Circolo Bohémien
A cura di Antonino Leotta
E’ stato presentato domenica 8 dicembre l’UNICUM 2019.
Parto da molto lontano per arrivare subito al presente.
Il primo film a colori che ho visto da ragazzo mi è rimasto molto impresso nella memoria. Si trattava di “COSI’ VINSI LA GUERRA” con DANNY KAYE. Un attore comico, cantante e ballerino. Ho visto, successivamente, altri due film con Danny Kaye: “SOGNI PROIBITI” e “PREFERISCO LA VACCA”.
Devo dire che le scenografie dei film con Danny mi hanno fatto sognare. Lo stile era quello della lunga tradizione dei musical di Broadway. Colori e luci e coreografie con danze meravigliose. Sino allora avevo visto solamente film in bianco e nero dove predominavano i dialoghi. Adesso lo splendore dei colori e lo scintillio delle luci che avvolgevano ballerini in variopinti costumi mai visti, ti trasferivano in un mondo fantastico.
Accenno al momento storico che si stava vivendo: il film fu girato mentre si concretizzava lo sbarco in Normandia (che avvenne nel giugno del 1944. Nel luglio del 1943 c’era già stato lo sbarco in Sicilia). Possiamo anche azzardare che negli Stati Uniti d’America era vivo l’interesse a sollevare il morale dei militari e delle loro famiglie dinanzi ai rischi del conflitto bellico. Il contesto dei primi film di Danny Kaye poteva contribuire al raggiungimento di questo obiettivo.
E aggiungerei che, in Europa, il Moulin rouge a Parigi cercava di imitare Broadway (un paio d’anni dopo nascerà il Lido ai Campi Elisi). Il Cafè de Paris a Piccadilly di Londra era stato bombardato dagli aerei tedeschi nel 1941 e c’erano stati oltre trenta morti e tanti feriti.

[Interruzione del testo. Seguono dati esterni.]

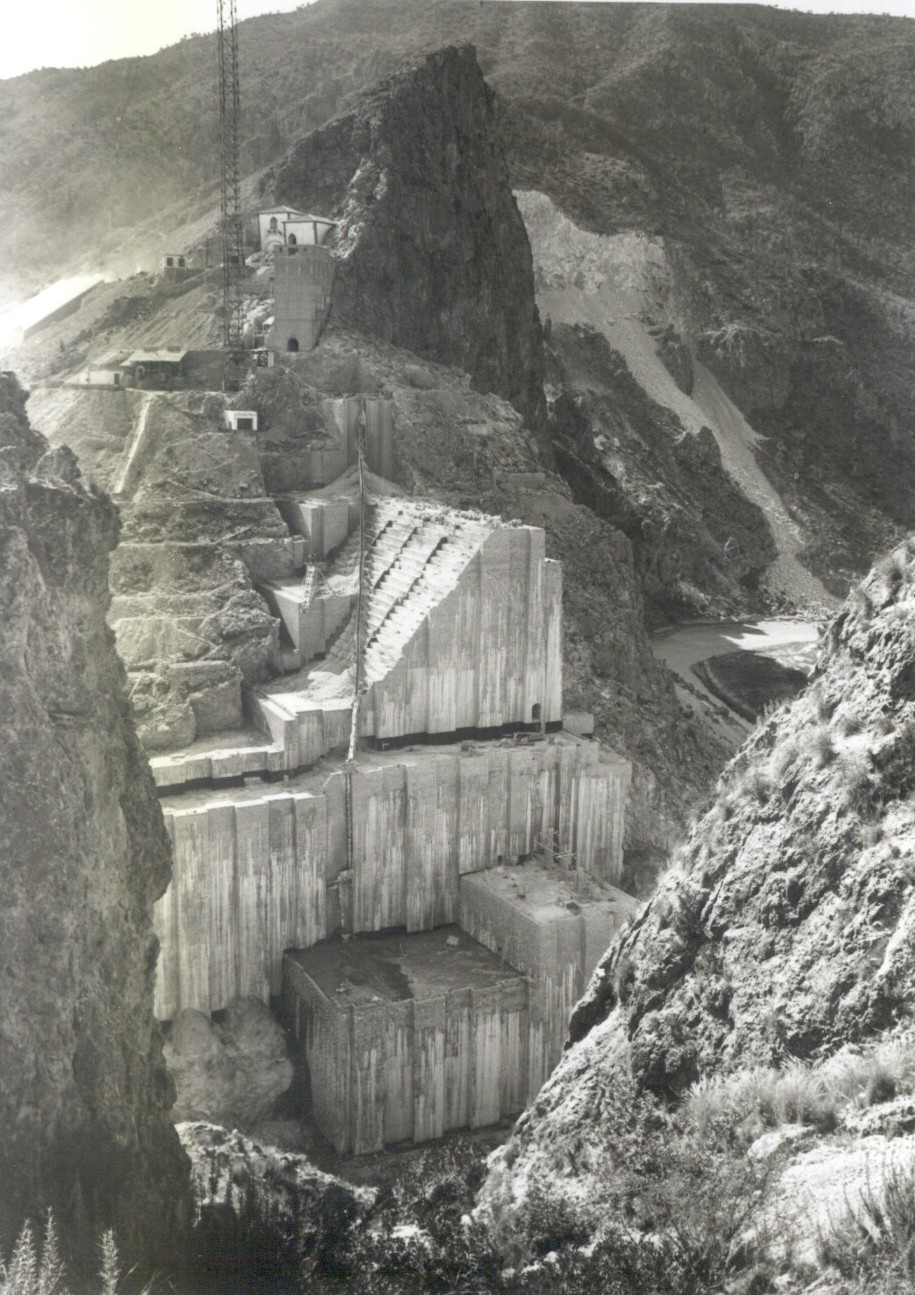 presa del Cenajo 1953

Il pallido riflesso di quelle luci arrivò in Italia, sempre in teatro, con Wanda Osiris. Abbiamo dovuto aspettare quasi la metà degli anni ‘50 per vedere qualcosa in TV. Ma, ancora, in bianco e nero. Intanto, col trascorrere del tempo, Garinei e Giovannini con le musiche di Armando Trovaioli provarono a creare il musicol in Italia. Agli inizi de ’70, ad esempio, venne fuori “AGGIUNGI UN POSTO A TAVOLA” e, poi, “RUGANTINO” e tutta la serie.
Per capire l’idea americana sulle grandi coreografie da sogno sullo schermo, noi italiani abbiamo apprezzato, nel ’68, la trama e i colori di “POLVERE DI STELLE” con Alberto Sordi e Monica Vitti.
Ma cosa c’entra tutto questo con l’Unicum.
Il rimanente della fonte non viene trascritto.